The base rate of success on this playbook is much grimmer than founders assume. The reason it looks repeatable is survivorship bias: the failed attempts get quietly buried, the successful ones get written up as inevitable.
What category creation actually costs
The accurate cost of a successful category-creation campaign, based on the public-facing efforts I’ve watched play out over ~7 years:
- 3–5 years of sustained narrative work. Books, podcasts, conference keynotes, analyst engagements. Not 18 months.
- One full-time senior person doing nothing but narrative work. Plus a partial commitment from the CEO. Plus a content team to execute.

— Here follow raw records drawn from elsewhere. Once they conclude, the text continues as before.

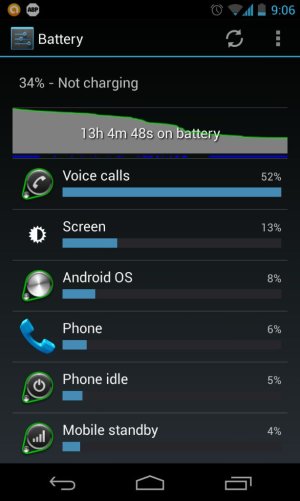 uploadfromtaptalk1358284241696.jpg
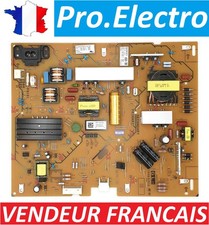 PSU Alimentazione TV Sony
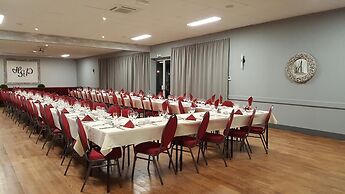Hostellerie Saint Paul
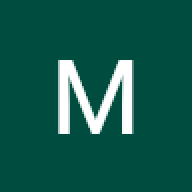 mikeymike11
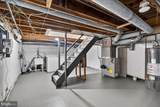 409 George Street - Photo 41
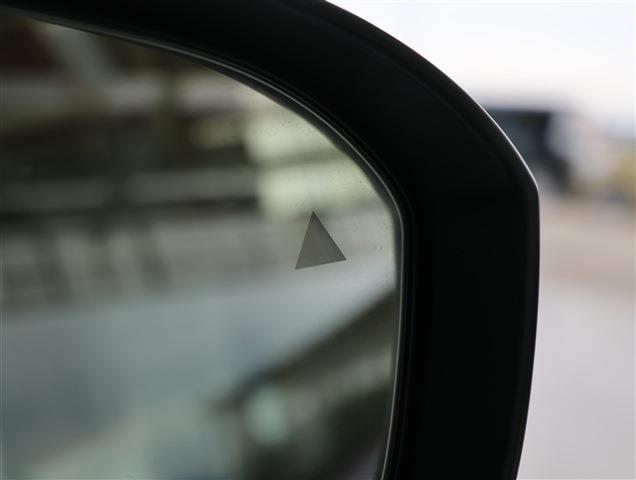 NISSAN SERENA e-POWER Highway Star V CH0000057763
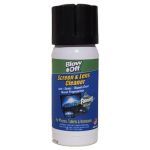 Blow Off FSC-3140 Screen & Lens Cleaner 1.4oz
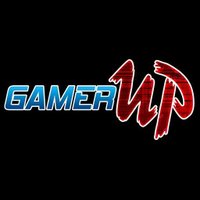 GamerUP (@gamerupgaming) 's Twitter Profile Photo GamerUP (@gamerupgaming) 's Twitter Profile Photo
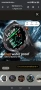 Smartwatch/Смарт часовник , снимка 9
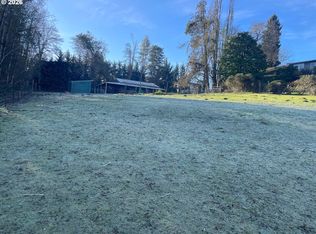 12101 NW 17th Ave, Vancouver, WA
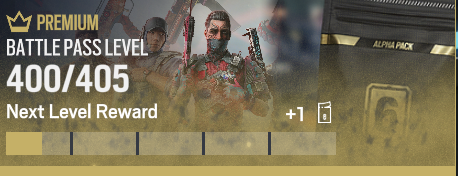should I get off the game?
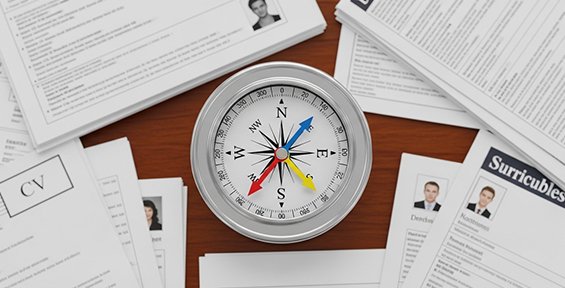 brujua-cvs-curricula-hogan-assessments-hrtools-mexico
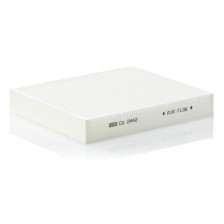 Salono filtras MANN-FILTER CU 2442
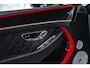 Bentley Continental GTC W12 Speed Akrapovic | Mulliner | Touring Specification | Naim Sound system |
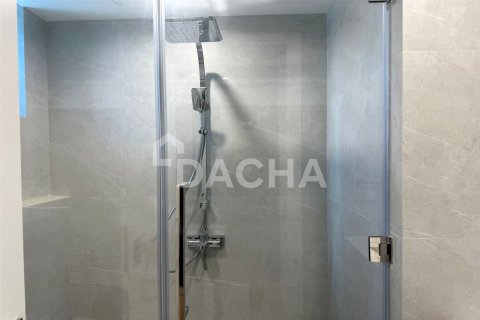 Byt v Jumeirah Lake Towers, Dubai, SAE 3 ložnice, 194 m² Č.: 706566 - fotografie 16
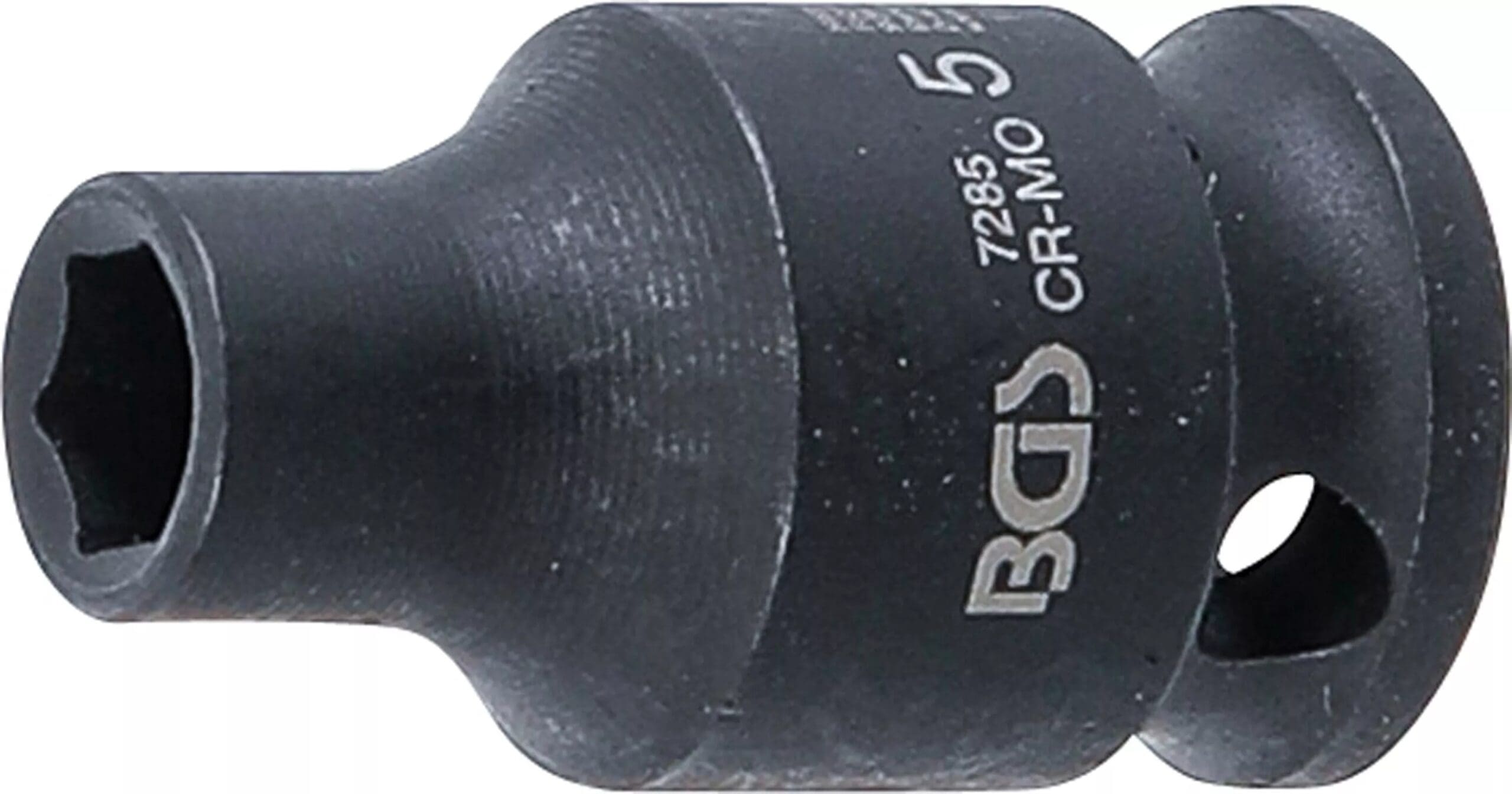 BGS technic Douille à choc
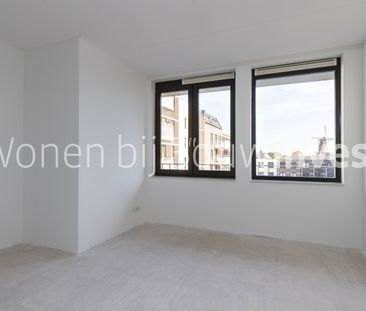 Korenschoofstraat 183 - Foto 3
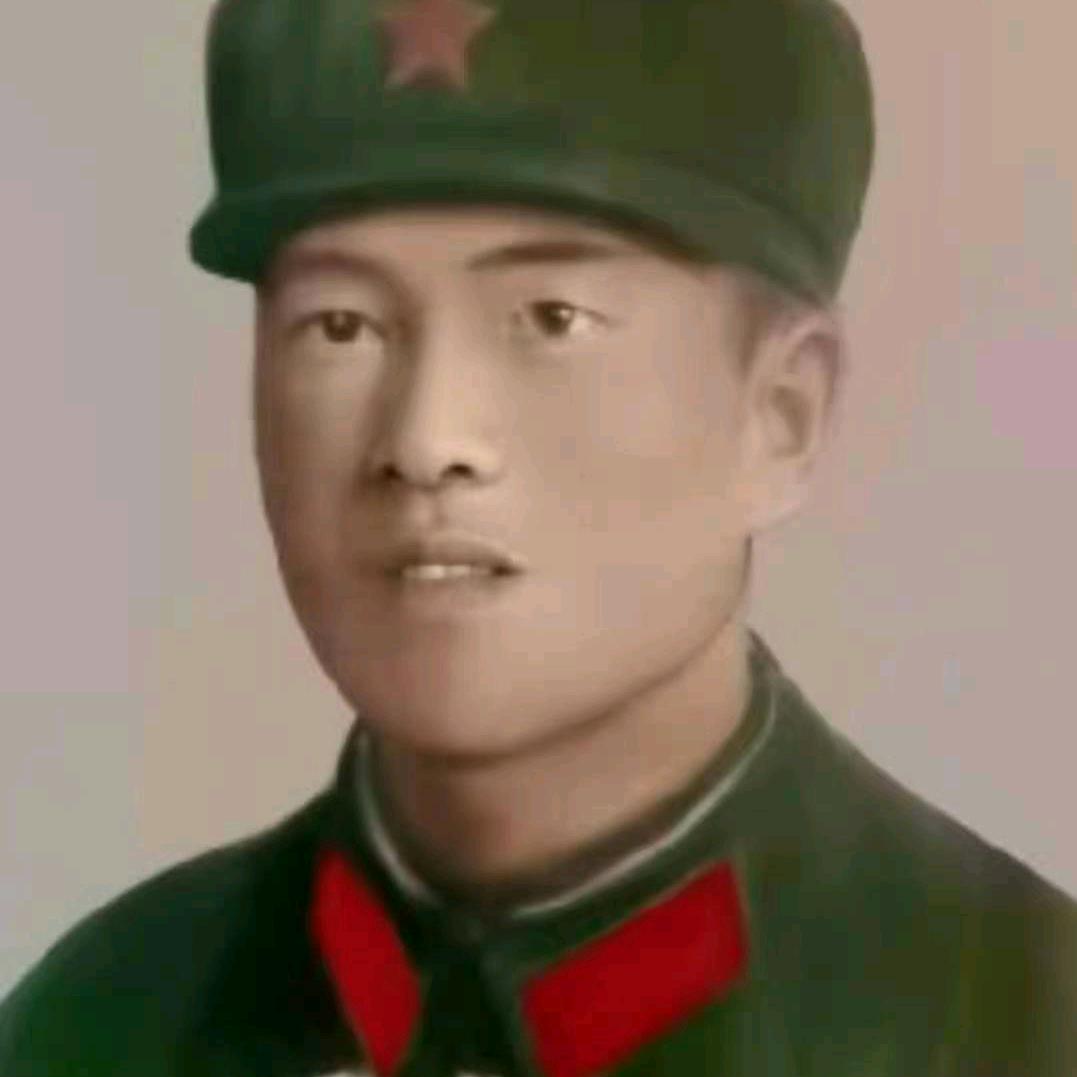 钱老头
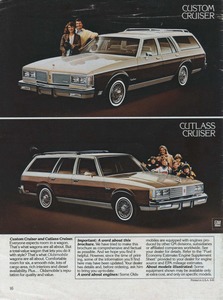 1982 Oldsmobile Full Line-16.jpg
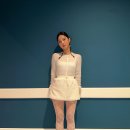 수수미미 이미지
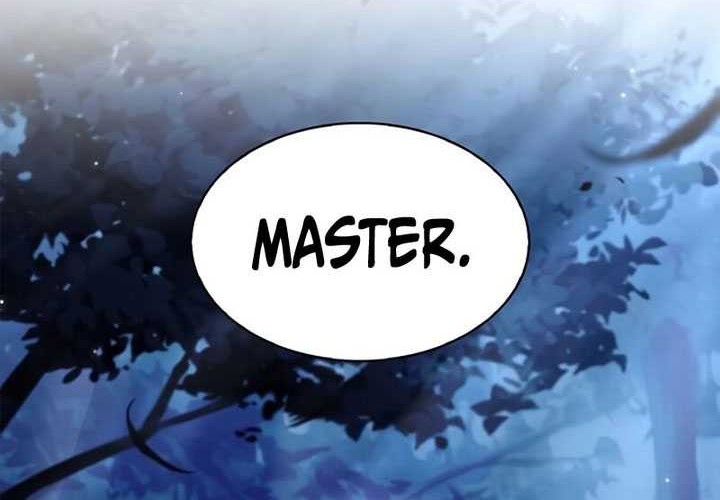 Chapter 68 - halaman 39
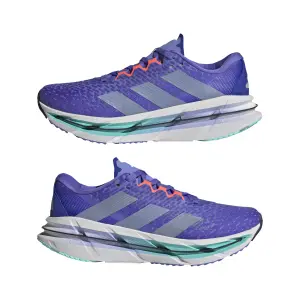 Sapatilhas de running adidas Adistar Byd image-3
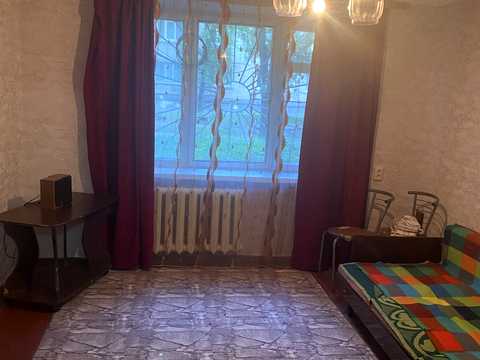 квартира по адресу Зерновой пер., 6/4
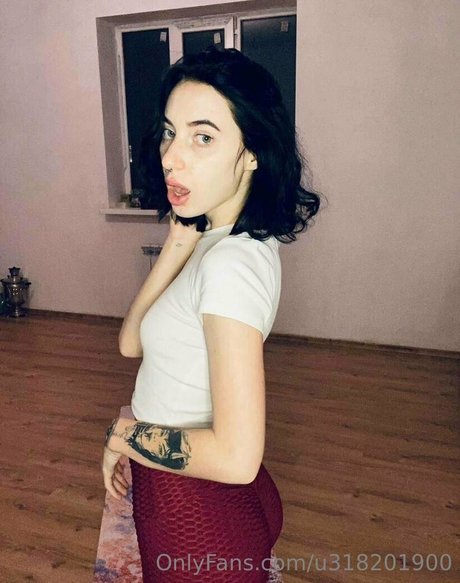 misaki meii 最高のモデル ギャラリー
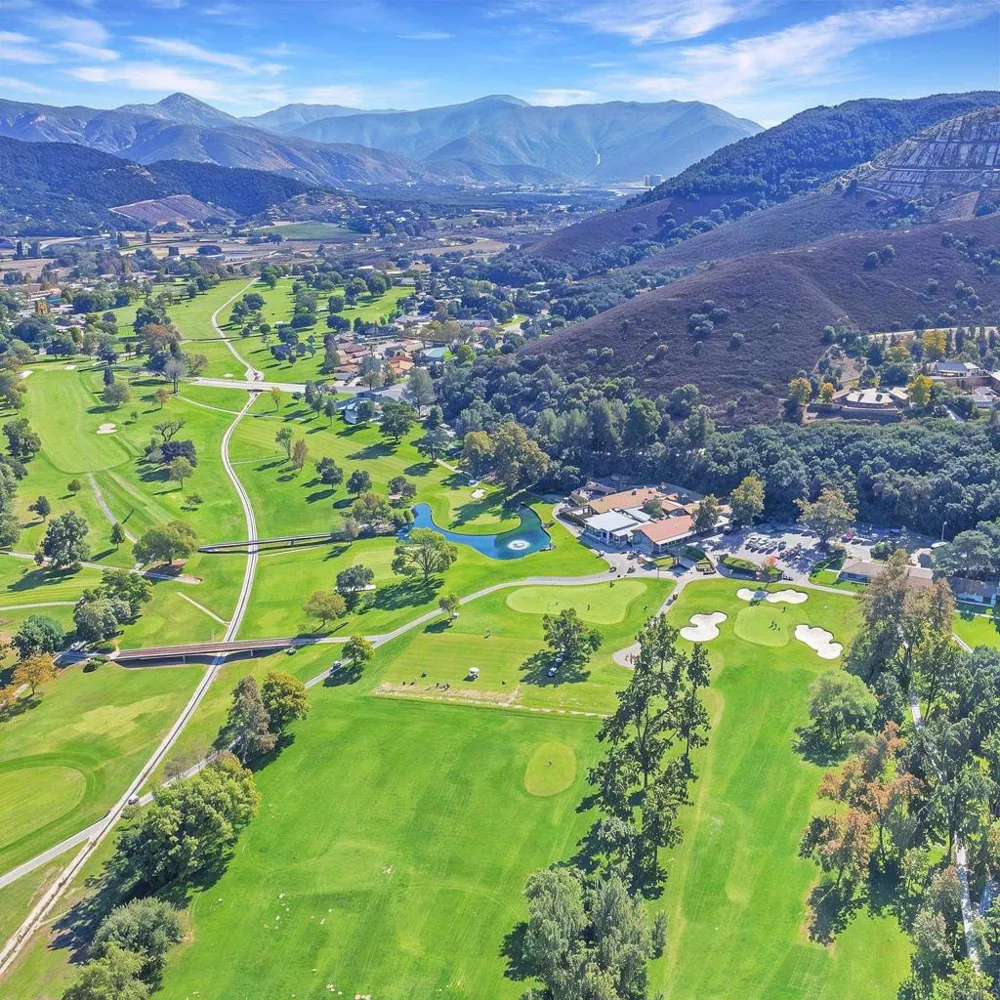 16119 El Tae Pauma Valley, CA 92061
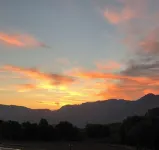 Maison de Plain Pied Hotels in Foce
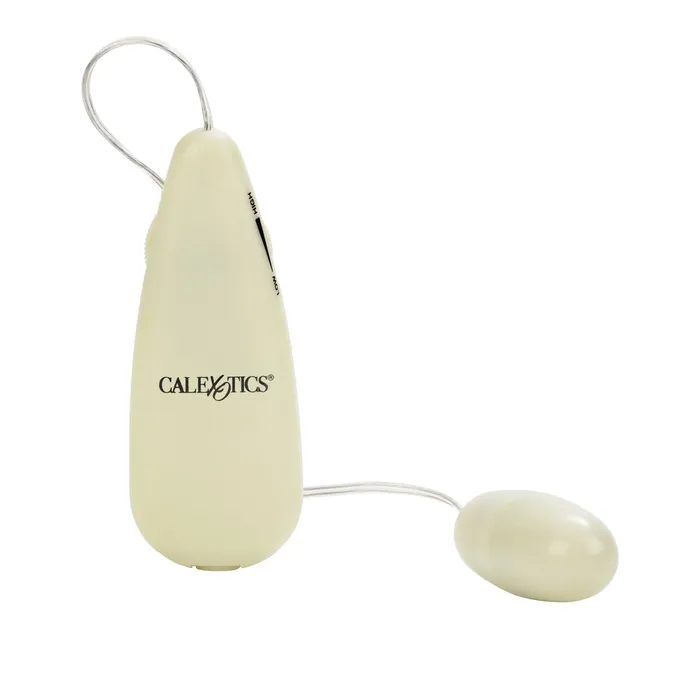 CalExotics Female Sex Toys Pocket Exotics GlowintheDark Bullet CalExotics Female Sex Toys Pocket Exotics GlowintheDark Bullet
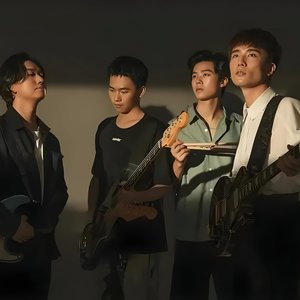 Avatar for 时间不够以后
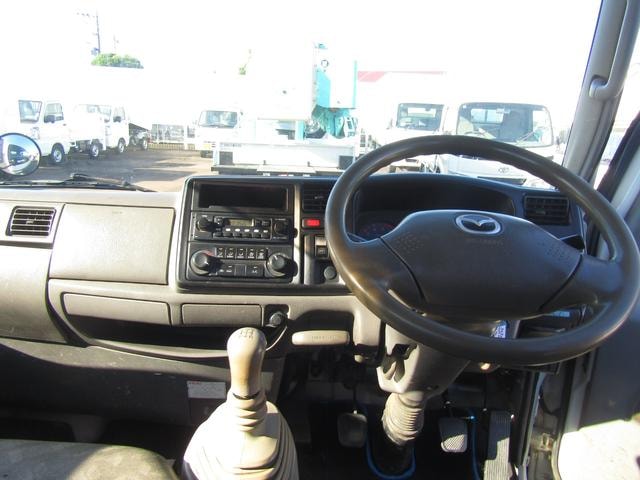 Миниатюра 11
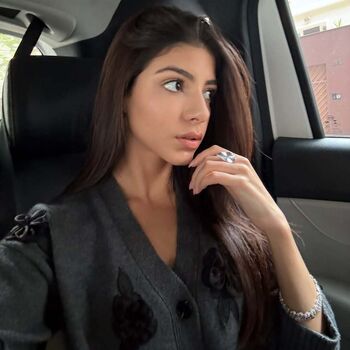 Michele christina image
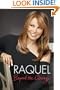Raquel: Beyond the Cleavage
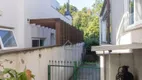 Foto 13 de Casa de Condomínio com 4 Quartos à venda, 280m² em São Lucas, Viamão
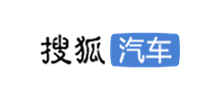 搜狐汽车logo,搜狐汽车标识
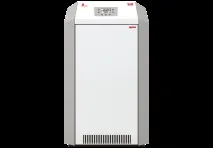 Котли Wester Lemax серії Clever серії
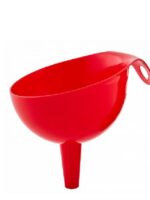 Лійка велика Нова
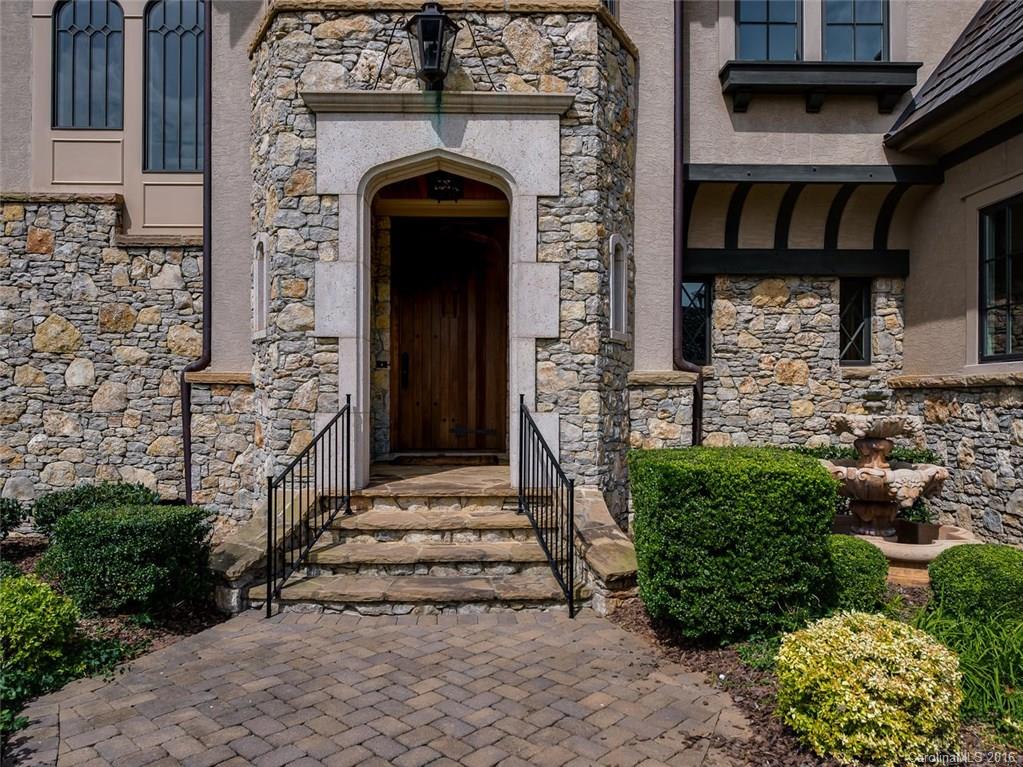 Longview - Residential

Plus analyst relations spend.
- $3M–$8M of cumulative investment in just the narrative function over the multi-year arc.
- Substantial product investment in the differentiation the narrative is built on. If your product isn’t actually different in a way that justifies the new category name, the narrative collapses on contact with sophisticated buyers.
- Analyst buy-in from Gartner, Forrester, or G2. Without this, the category doesn’t get formalized in buyer-procurement processes and never becomes real outside of your marketing.
The companies I work with — $1M–$10M ARR, often pre-Series B — almost never have the runway or the product depth to credibly execute this. When they try, they typically end up with a name no one in the market uses, a fluffy positioning that doesn’t help sellers, and a marketing budget burned on conference panels.
What works instead at the company stage we serve
Subcategory positioning. Don’t try to create a new category. Position yourself as the leader of a specific subcategory within an existing one — the subcategory should be narrow enough that you can credibly claim leadership, but broad enough that buyers are already searching for it.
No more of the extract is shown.